Kisah itu diabadikan penyair Abdul Rahman dalam “Syair Hemop” berbahasa Banjar.
Si Pandjang itoe kapitan Tjina (Si Pandjang itu Kapitan Cina)
Gagah berani lagi laksana (Gagah berani sifatnya)
Terlaloe sangat tebal koelitnja (Terlalu sangat tebal kulitnya)
Mirah jang baik ada dipakainja (Mirah yang baik dipakainya)
Kapitan Pandjang gagah berani (Kapitan Pandjang gagah berani)
Menaroehkan pedang dalam peti (Meletakkan pedang dalam peti)
Sekalian Tjina diberinja djandji (Orang-orang Cina ia beri janji)
Ketika wajang mengamoek Kompeni (Ketika wayang mengamuk Kompeni)
Valckenier panik mengetahui serangan orang-orang Cina ke wilayah kekuasaannya. Ia khawatir para pemberontak bergabung dengan orang-orang Cina di kota dan menimbulkan kerusakan lebih luas. Karena itu, ia memutuskan orang-orang Cina dalam benteng lebih baik dihabisi sekalian.
Dua hari pasca serangan Kapitan Sepanjang, Valckenier menyerukan perintah pembunuhan seluruh orang Cina di Batavia. Ia mengumumkan siapa saja yang bisa memberi kepala orang Cina, akan diberi hadiah.
"Balai Kota Batavia berubah seperti rumah potong hewan. Warga Cina disembelih dan mayat mereka dibiarkan mengambang di sepanjang jaringan kanal," ungkap tulisan “280 Tahun Geger Pecinan”.
Tak ada angka pasti berapa korban tewas dibantai waktu itu. Diperkirakan setidaknya 10.000 orang Cina tumpah darahnya membanjiri Batavia. Sebagian kecil yang selamat dari peristiwa itu kabur keluar kota.
Konon, pembantaian itu juga yang menjadi asal muasal penamaan sejumlah tempat di Jakarta, seperti Tanah Abang atau ‘tanah merah’ yang merujuk lokasi pembunuhan orang Cina atau Rawa Bangkai dan Muara Angke di Tambora yang merujuk ke bangkai mayat korban Geger Pecinan.

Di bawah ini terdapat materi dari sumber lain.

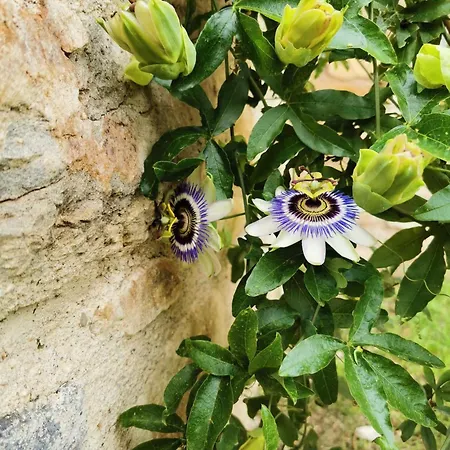 Majordoms - Blanc De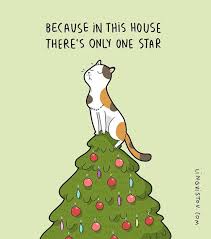 Pet insurance is a health care policy for your pet that reimburses you for certain medical expenses. Lingvistov On Instagram Get 25 Off Everything Use Coupon Meowyxmas Until December 10th Lingvistov Com Lingvistov Christmas Gi Owning A Cat Cats Pets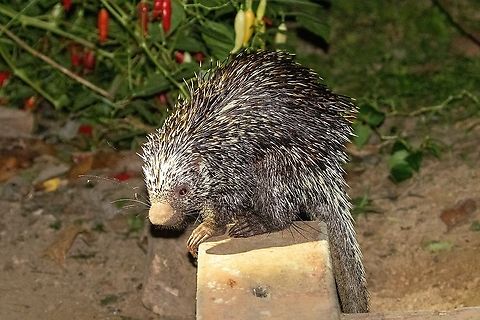 Brazilian porcupine (Coendou prehensilis) PNYC - El Paujil, Pasco, Peru. Oct 14, 2020 Brazilian porcupine,Coendou prehensilis,Geotagged,Peru,Spring
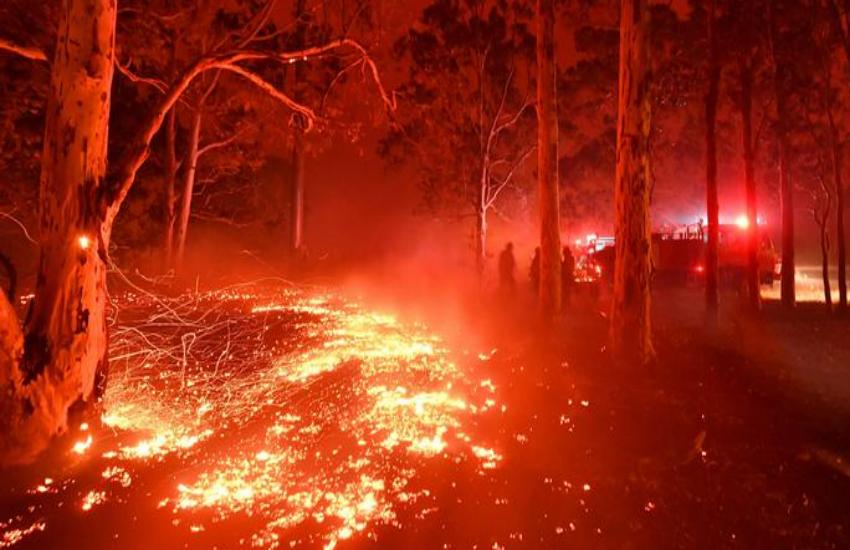 australia bushfire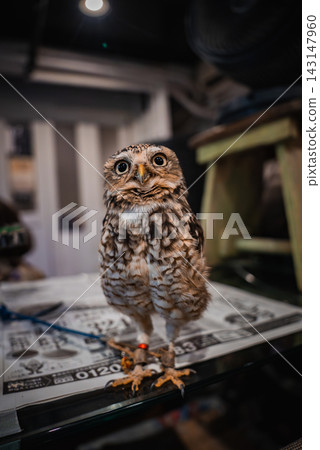A small owl stands on a glass counter, eyes forward, red leg band visible, indoors in Hiroshima or Itsukushima, with posters under glass and shelves and stools behind. 143147960
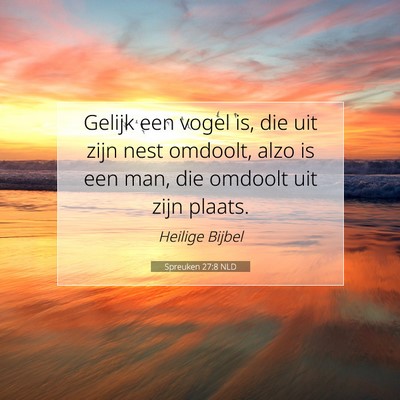 Picture 07 - Spreuken 27:8 NLD - Gelijk een vogel is, die uit zijn nest omdoolt, - Bible Verse Picture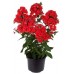 Флокс Phlox Flame Red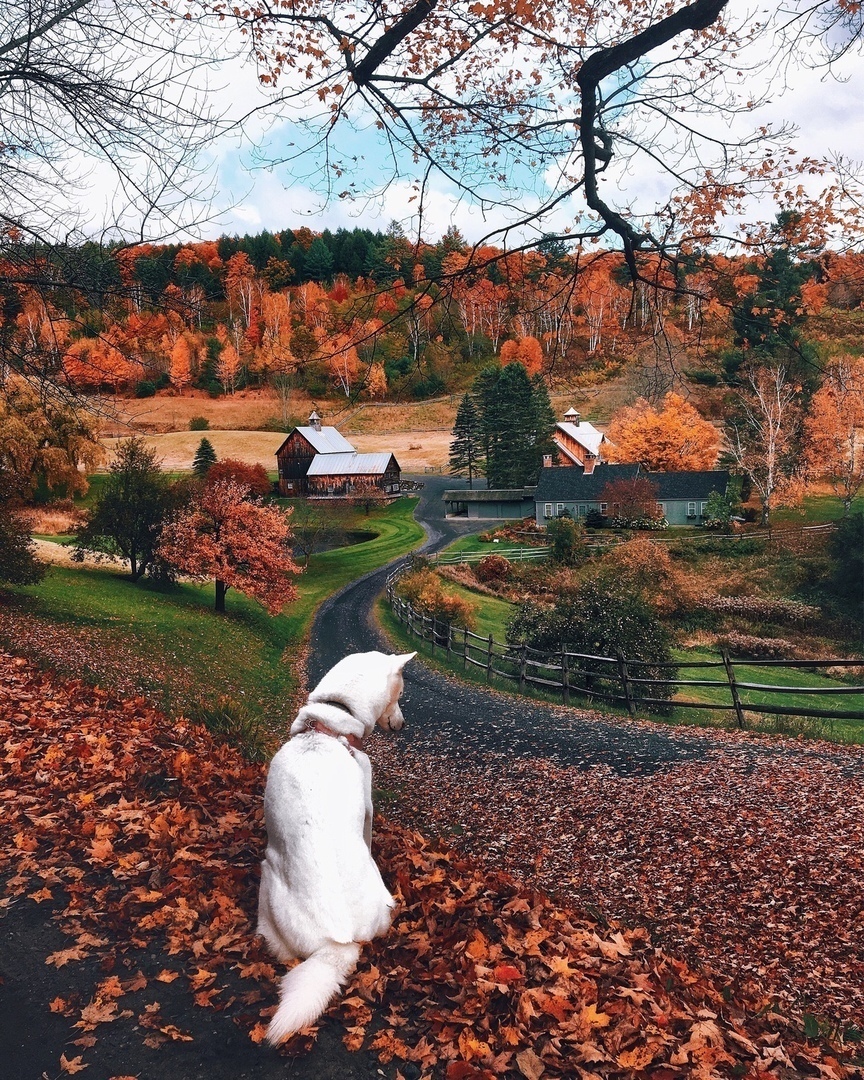 Послезавтра уже осень... - 7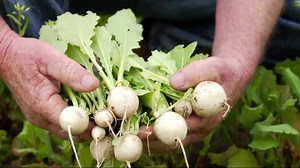 Turnips: The Roots | A Chef's Life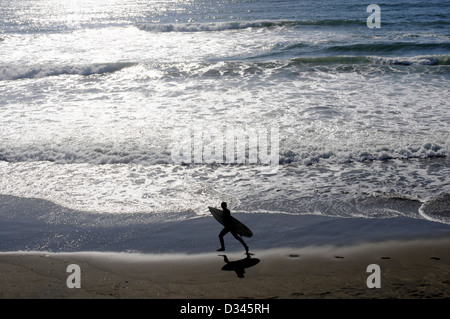 Surfista maschio corre lungo Ocean Beach per la cattura di un'onda, adiacente al Golden Gate Park, in una calda giornata di sole, San Francisco, Stati Uniti d'America Foto Stock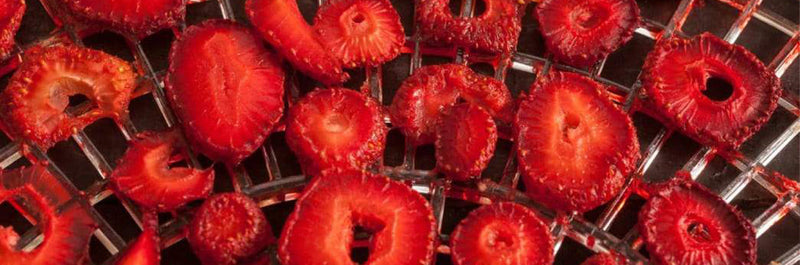 Hit the Trail with Homemade Fruit Leather and Other Dehydrated Snacks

Toko Merah, riwayatmu kini
Hampir 300 tahun berlalu setelah Geger Pecinan, Kawasan Kota Tua yang dulu dikelilingi benteng pertahanan dan menjadi tempat jagal orang-orang Cina kini menjadi tempat wisata orang-orang Jakarta dan luar kota. Sementara Toko Merah sudah ditiban cat merah berkali-kali dan tampak baru habis direstorasi. Pemilik pertamanya, Baron van Imhoff sudah lama mati menyusul ribuan orang Cina yang lebih dulu dibantai.
Tanpa membaca sejarah, orang-orang yang berkunjung ke sana bisa dengan tenang menikmati secangkir cokelat hangat atau makanan mewah dalam Toko Merah, tanpa tahu bangunan itu berdiri di atas darah orang-orang Cina tak bersalah. Sayangnya, masih banyak orang tak belajar dari sejarah dan memelihara sentimen negatif ke warga keturunan Cina.
Saya merenungi ironi tadi sambil jalan-jalan di trotoar sekitar Kali Krukut, melihat sepasang burung saling berkejaran di langit, dan beberapa pedagang kaki lima membuka lapak di depan Jembatan Merah. Sederet bus mengantri memasuki terminal busway Kota Tua, ada jurusan Penjaringan-Sunter hingga Pluit-Tanjung Priok. Setiap kali bus itu lewat dengan bergegas, saya bisa merasakan kaki saya bergetar.